A cette pensée une épouvante la saisit:—«Mais il les tuerait! Monsieur l'abbé! Et je commettrais une dénonciation! Oh! pas cela, jamais!»

Alors, il leva la main comme pour la maudire, tout soulevé de colère:—«Restez dans votre honte et dans votre crime; car vous êtes plus coupable qu'eux. Vous êtes l'épouse complaisante! Je n'ai plus rien à faire ici.»

Et il s'en alla, si furieux que tout son corps tremblait.

Elle le suivit éperdue, prête à céder, commençant à promettre. Mais il demeurait vibrant d'indignation, marchant à pas rapides en secouant de rage son grand parapluie bleu presque aussi haut que lui.

Il aperçut Julien debout près de la barrière, dirigeant des travaux d'ébranchage; alors il tourna à gauche pour traverser la ferme des Couillard; et il répétait: «Laissez-moi, Madame, je n'ai plus rien à vous dire.»

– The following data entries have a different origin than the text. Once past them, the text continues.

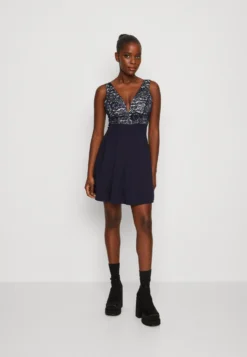 Wal G Belle V Neck Skater Dress - Cocktailjurk - Navy/White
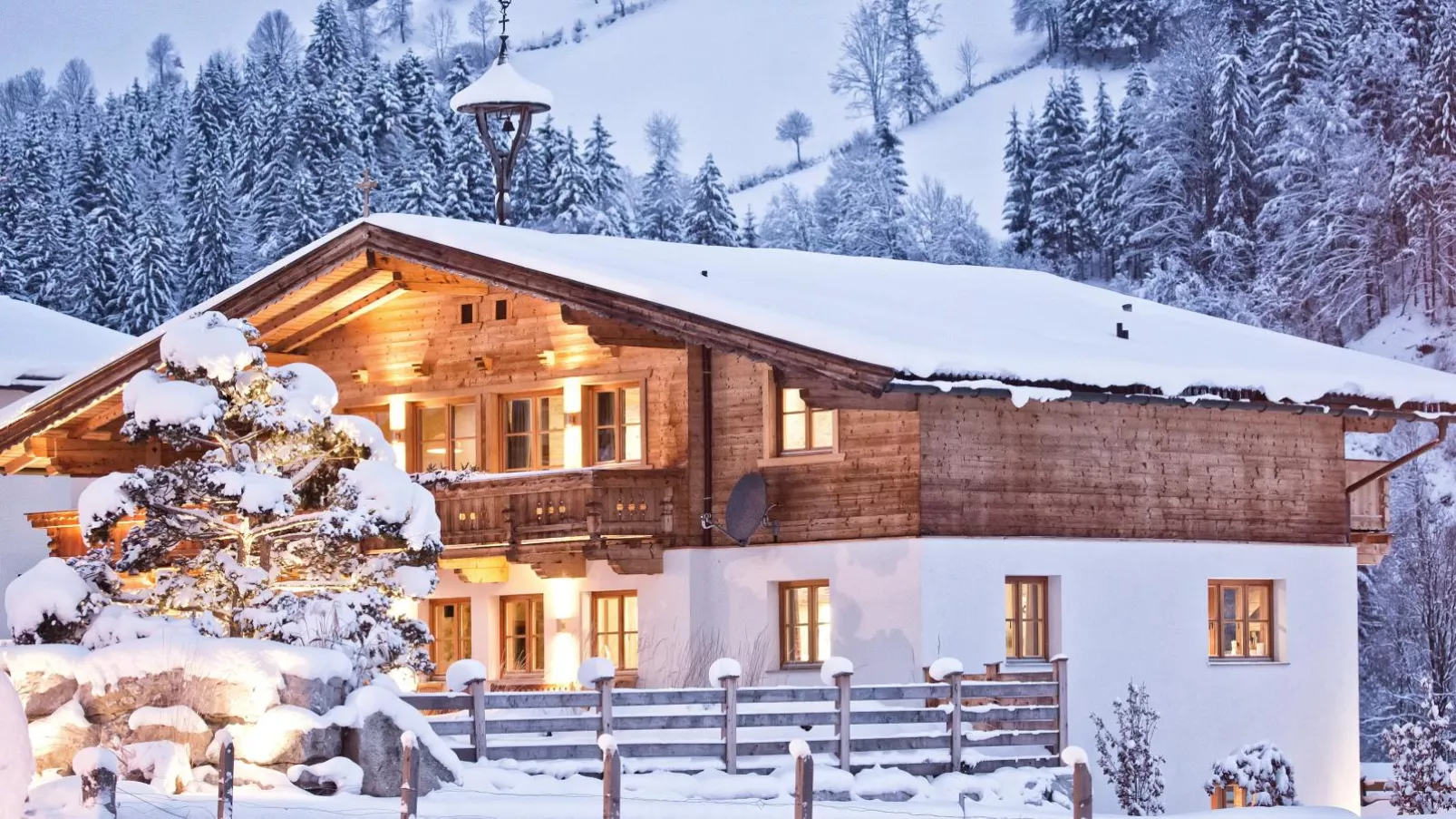 Chalet-Apartment Holunder am Lift-Exterior winter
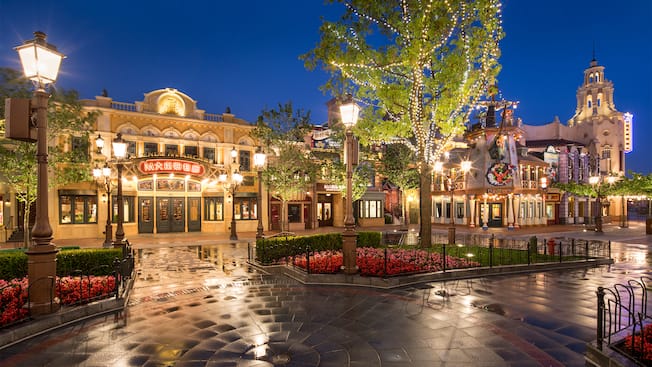 Los 7 LANDS que forman Shanghai Disneyland  Shdr-shop-avenue-m-arcade-hero-new-again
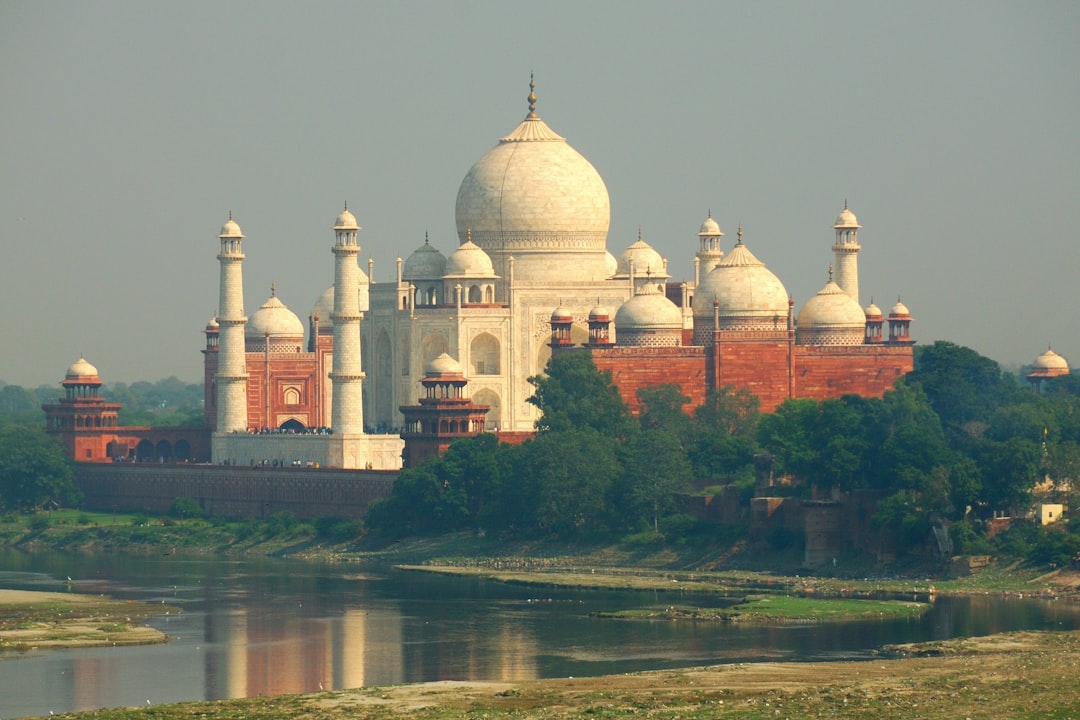 Taj Mahal at Dawn: Lights and Colors on the Yamuna - Agra | Secret World Trip Planner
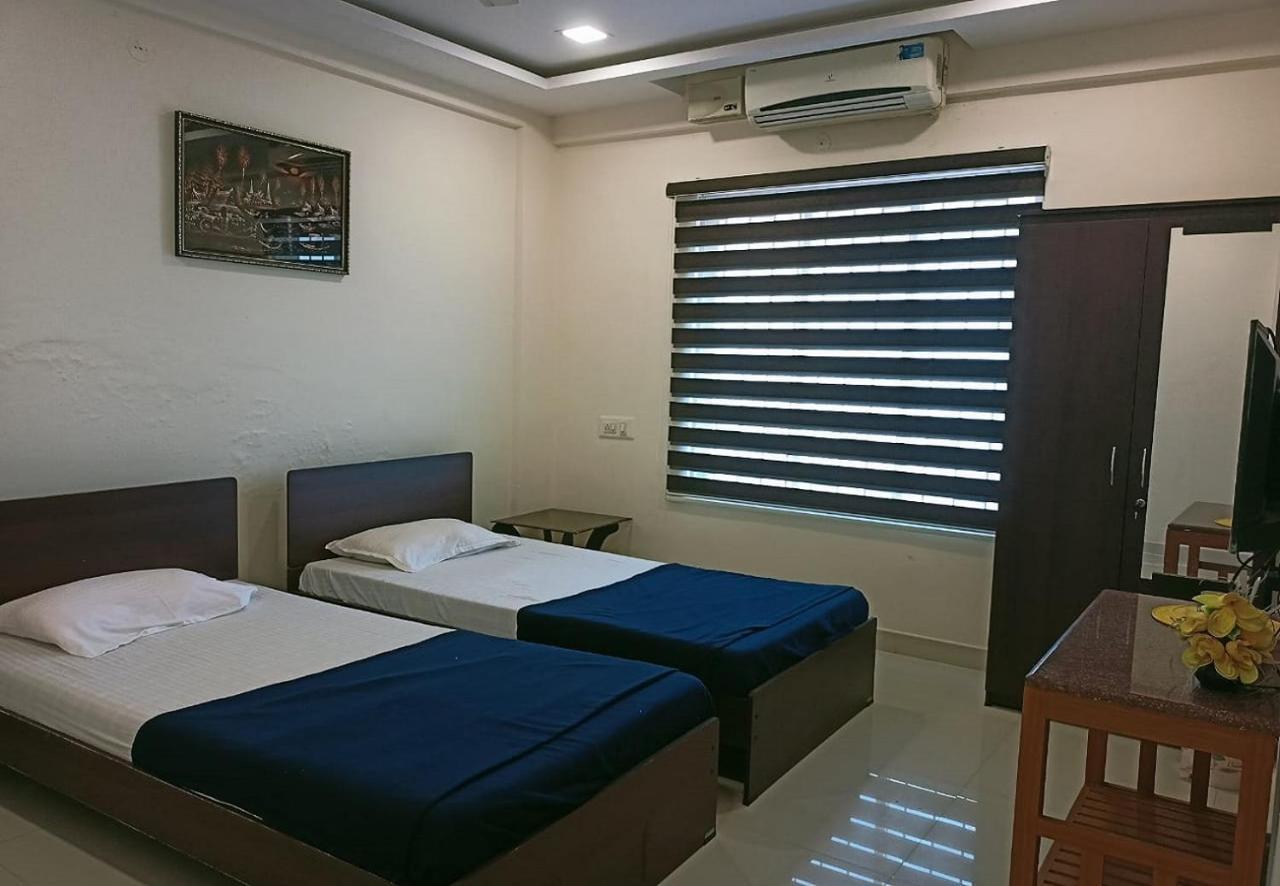 Hotel Phils' Residencia Kochi Exterior foto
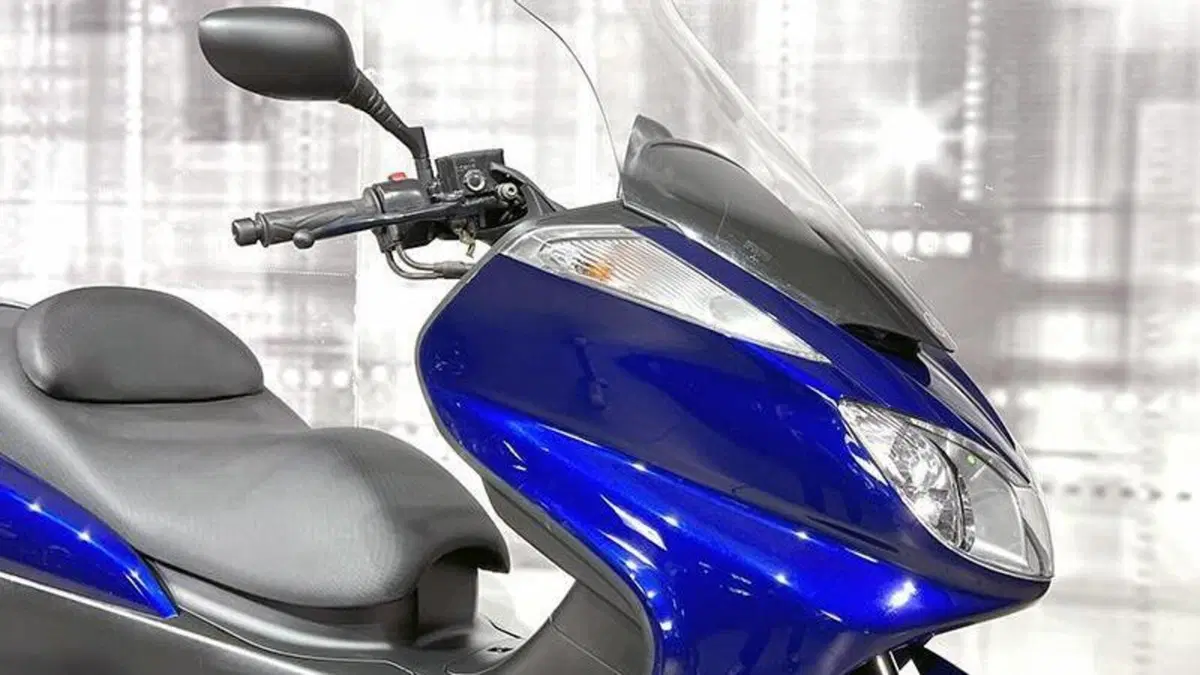 Yamaha Majesty 400 (2004 - 08)  (8)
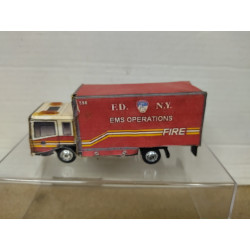 US AMERICAN FIRE FD NY EMS OPERATIONS REPINTADO/DESGUACE apx 1:64 NO BOX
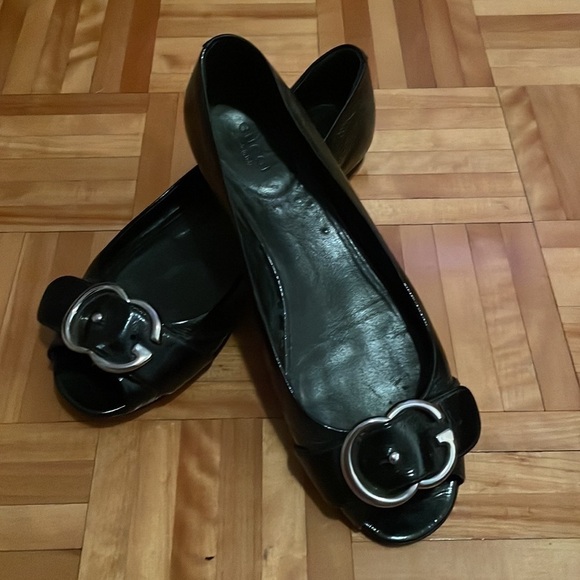 Gucci Black Flats with Silver Buckle - Picture 14 of 14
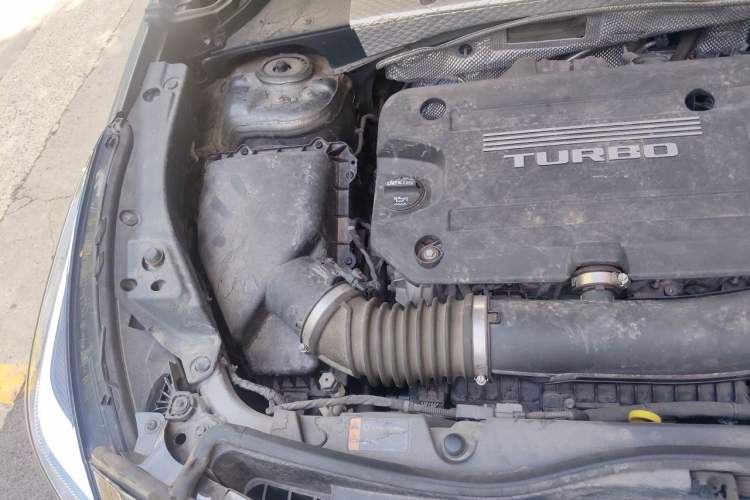 Used Cadillac XT4 2018 28T Two-Wheel Drive Leading Version Engine Bay Right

Juste sur son chemin, au milieu de la cour, un tas d'enfants, ceux de la maison et ceux des voisins, attroupés autour de la loge de la chienne Mirza, contemplaient curieusement quelque chose, avec une attention concentrée et muette. Au milieu d'eux le baron, les mains derrière le dos, regardait aussi avec curiosité. On eût dit un maître d'école. Mais, quand il vit de loin le prêtre, il s'en alla pour éviter de le rencontrer, de le saluer, de lui parler.

Jeanne disait, suppliante:—«Laissez-moi quelques jours, Monsieur l'abbé, et revenez au château. Je vous raconterai ce que j'aurai pu faire, et ce que j'aurai préparé; et nous aviserons.»